Japan Association of Radio Industries and Businesses (ARIB) MPEG2 Transport Stream Closed Caption Decoding Tools.
Closed Captions (CCs) are encoded in Japanese MPEG Transport Streams as a separate PES (Packetized Elementary Stream) within the TS. The format of the data within this PES is described by the (Japanese native) ARIB B-24 standard. An English document describing this standard is included in the Arib/docs directory in this repository.
This python package provides tools to find and parse this ARIB closed caption information in MPGEG TS files.
This code can be used in your own applications or used via the arib-ts2ass tool which this package provides.

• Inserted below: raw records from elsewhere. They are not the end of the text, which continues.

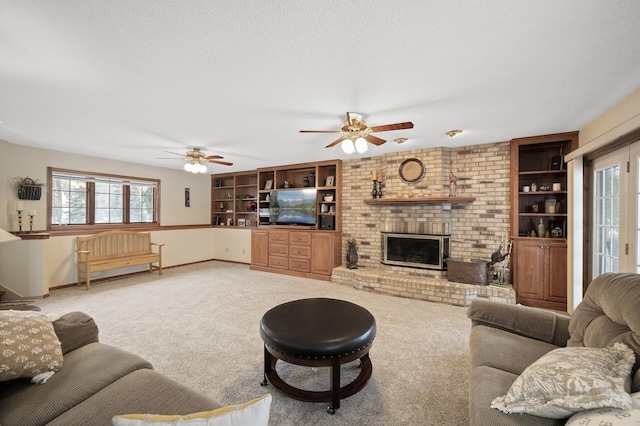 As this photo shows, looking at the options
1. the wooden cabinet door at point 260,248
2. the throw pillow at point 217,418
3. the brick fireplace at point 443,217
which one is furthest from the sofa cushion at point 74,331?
the wooden cabinet door at point 260,248

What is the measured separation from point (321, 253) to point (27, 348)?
171 inches

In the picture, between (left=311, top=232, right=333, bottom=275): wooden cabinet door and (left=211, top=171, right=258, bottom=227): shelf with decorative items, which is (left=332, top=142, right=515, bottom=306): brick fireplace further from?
(left=211, top=171, right=258, bottom=227): shelf with decorative items

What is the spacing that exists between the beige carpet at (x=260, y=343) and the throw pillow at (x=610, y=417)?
3.14 ft

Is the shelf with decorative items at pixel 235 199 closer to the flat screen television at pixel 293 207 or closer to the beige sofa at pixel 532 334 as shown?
the flat screen television at pixel 293 207

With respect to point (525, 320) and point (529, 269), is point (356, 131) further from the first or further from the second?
point (529, 269)

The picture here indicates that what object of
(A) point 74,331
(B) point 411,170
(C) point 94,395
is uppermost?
(B) point 411,170

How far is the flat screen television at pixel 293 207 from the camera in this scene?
5.74m

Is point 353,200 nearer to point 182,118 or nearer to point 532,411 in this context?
point 182,118

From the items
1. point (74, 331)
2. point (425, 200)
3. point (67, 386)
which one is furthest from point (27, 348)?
point (425, 200)

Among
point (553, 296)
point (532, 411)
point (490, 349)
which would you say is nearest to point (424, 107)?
point (490, 349)

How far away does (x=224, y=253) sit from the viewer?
7199mm

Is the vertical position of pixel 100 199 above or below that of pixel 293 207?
above

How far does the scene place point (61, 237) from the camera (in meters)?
4.66

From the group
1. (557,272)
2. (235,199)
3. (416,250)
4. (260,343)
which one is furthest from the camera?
(235,199) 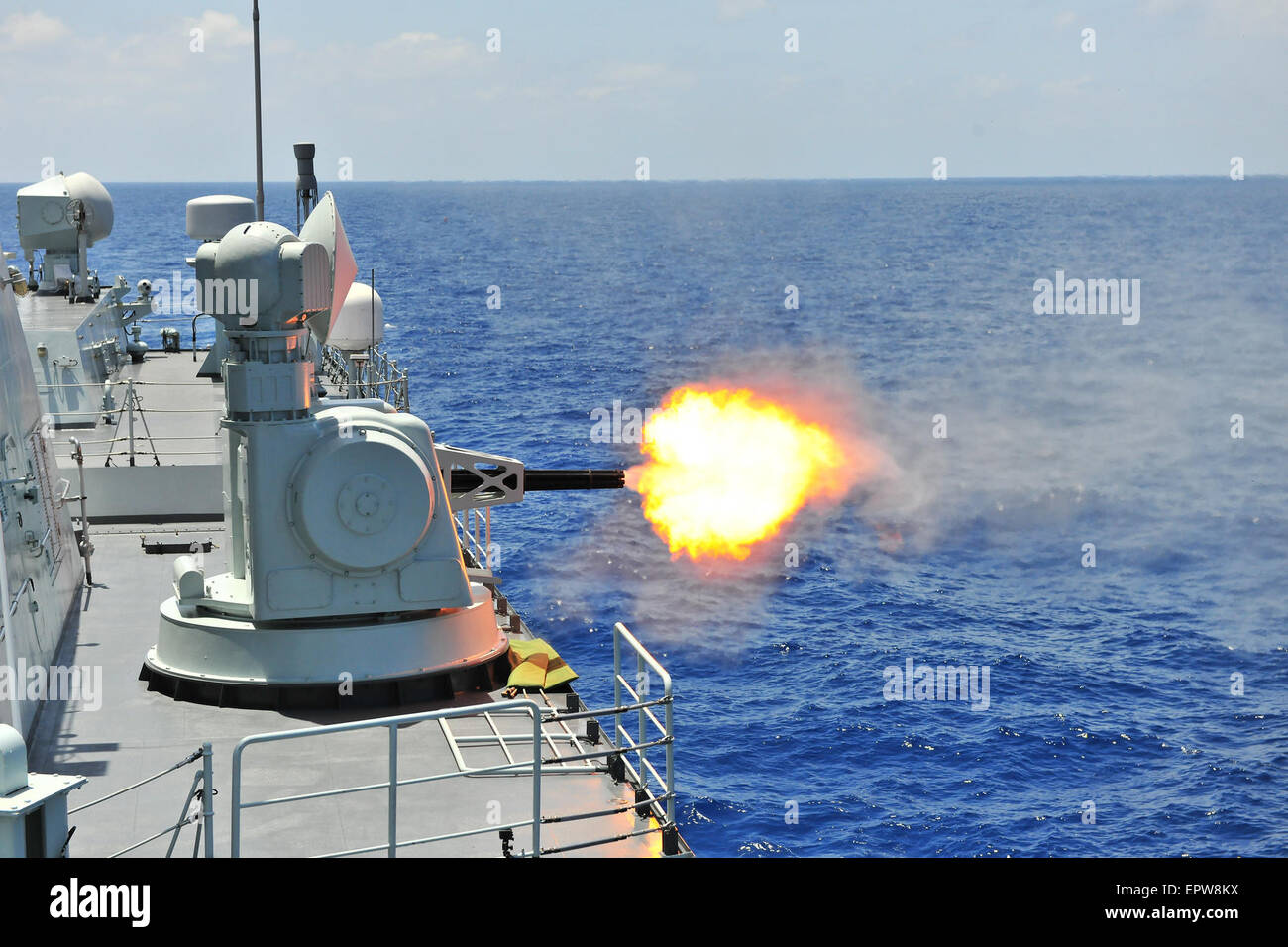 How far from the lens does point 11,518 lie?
1394 cm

The image below shows example ARIB closed caption data displayed at runtime on a media player, generated via arib-ts2ass. The text, position and color are all driven by data derived from the MPEG TS Closed Caption elemenatry stream.
Basic installation is now supported, but I only currently recommend installing into a virtualenv as the lib is still only pre-alpha.
That said, installation can now be carried out via pip as below.
pip install -e git+https://github.com/johnoneil/arib#egg=arib
or install from a local git checkout
git clone https://github.com/johnoneil/arib.git
cd arib
pip install -e .
The above commands may require sudo
though I recommend again installing them in a python virtualenv.
This package provides a tool (arib-ts2ass) that extracts ARIB based closed caption information from an MPEG Transport Stream recording, and formats the info into a standard .ass (Advanced Substation Alpha) subtitle file. The image below shows a resultant .ass subtitle file loaded to the video file it was generated off: Note the ts2ass tool supports (in a basic way) closed caption locations, furigana (pronunciation guide), text size and color.
If no PID is specified to the tool, arib-ts2ass will attempt to find the PID of the elementary stream carriing Closed Caption information within the specified MPEG TS file. Or one can be specified if it is known (see below concerning how to find PID values in TS files).
Basic command line help is available as below.
usage: arib-ts2ass [-h] [-p PID] [-v] [-q] [-t TMAX] infile
Remove ARIB formatted Closed Caption information from an MPEG TS file and
format the results as a standard .ass subtitle file.
positional arguments:
infile Input filename (MPEG2 Transport Stream File)
optional arguments:
-h, --help show this help message and exit
-p PID, --pid PID Specify a PID of a PES known to contain closed caption
info (tool will attempt to find the proper PID if not
specified.).
-v, --verbose Verbose output.
-q, --quiet Does not write to stdout.
-t TMAX, --tmax TMAX Subtitle display time limit (seconds).
I've made some recent changes to this tool and its performance is much improved, even if the basic arib support is still lacking many parts of the spec. Scanning a several gigabyte .ts file for CC info should take less than a minute on a local drive.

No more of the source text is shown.